Utah Foundation collaborated with Salt Lake Community College to survey high school students graduating in 2013 about their post-high school intentions. The survey was designed to query graduates’ attitudes, knowledge, and motivation about attending higher education, their influences towards pursuing higher education, and their understanding of financial feasibility. These results are set in the context of raising the number of post-secondary degrees or certificates among Utah’s workforce to 66% in 2020 from 43% today.
A vast majority of survey respondents expect to obtain post-secondary degrees or trade certificates.
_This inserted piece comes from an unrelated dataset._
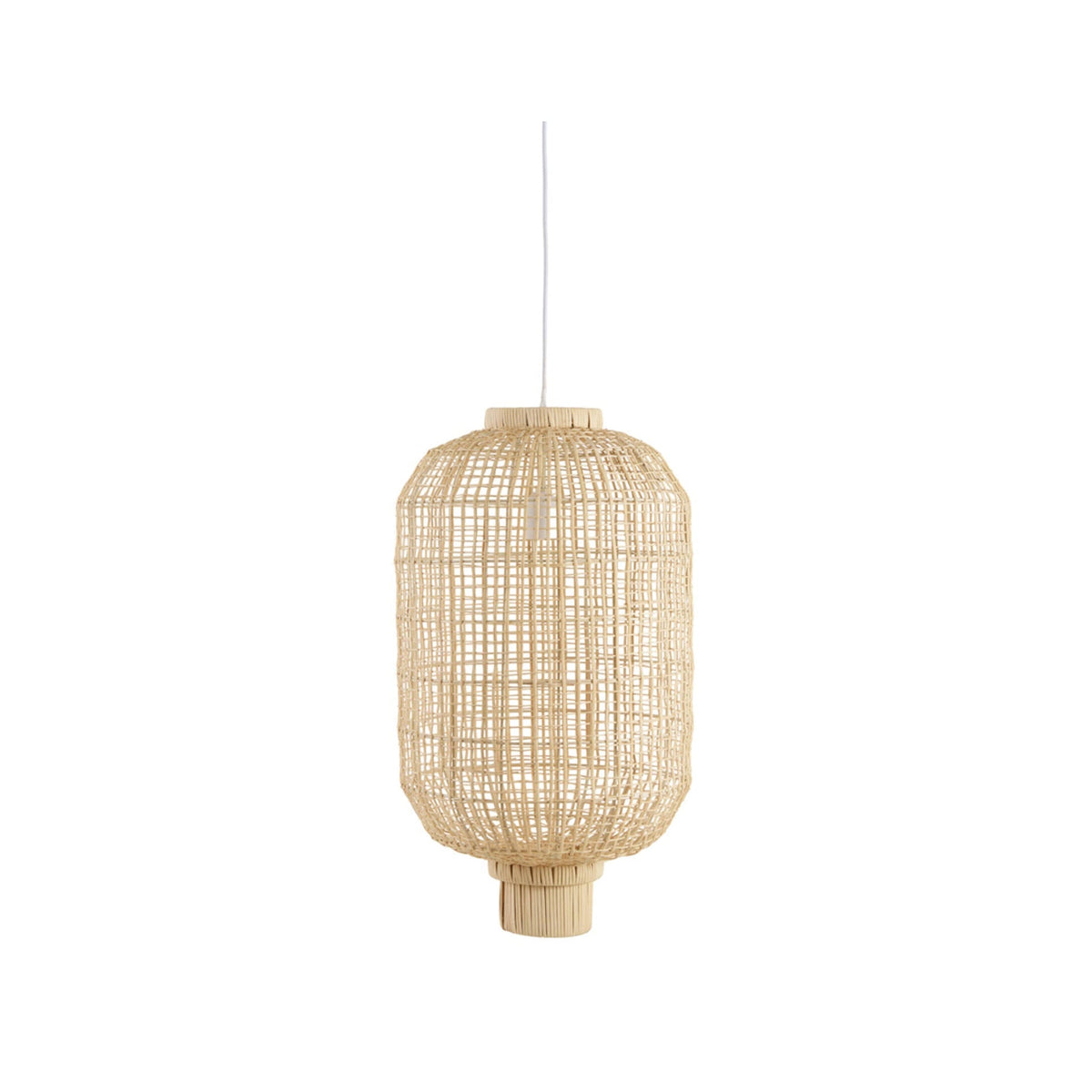 Dorzan Natural Rattan Pendant Light 37cm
More non-White graduates and female graduates indicated that they would be in college or job training within six months of completing high school than White graduates and male graduates; this is mainly due to the latter graduates performing church missions and service work. Respondents believe that their own personal motivation is the most important factor in their post-secondary plans. Interestingly, counselors and teachers seem to play a more important role in the decisions for graduates with lower family incomes and whose parents have lower educational attainment.
Respondents strongly indicated that they were pursing education to get a job later, learn new job skills, and learn about subjects that are interesting and challenging. Over half of the graduates themselves expected to receive a bachelor’s degree and over one-third expected to go even further into graduate school. However, Utah’s greatest percentage increase in post-secondary education over the past ten years is from the completion of trade certificates.
There is a continuing trend toward higher education both nationally and in Utah. Women have more education than men; this post-secondary gender gap is smaller in Utah than in the U.S. Utah men are outperforming U.S. men and Utah women are underperforming U.S. women due to a blend of demographic and cultural reasons.
Nearly 90% of graduates are at least somewhat sure about the kind of career they want. When thinking about these future plans, the respondents were focused on getting a good education, doing interesting work, having steady work, and having strong family connections.
The survey results indicate that family income and race were related to the most significant response differences, with gender and ethnicity somewhat less so. Mothers’ educational attainment levels seem to have a greater effect on responder differences than fathers’ educational attainment.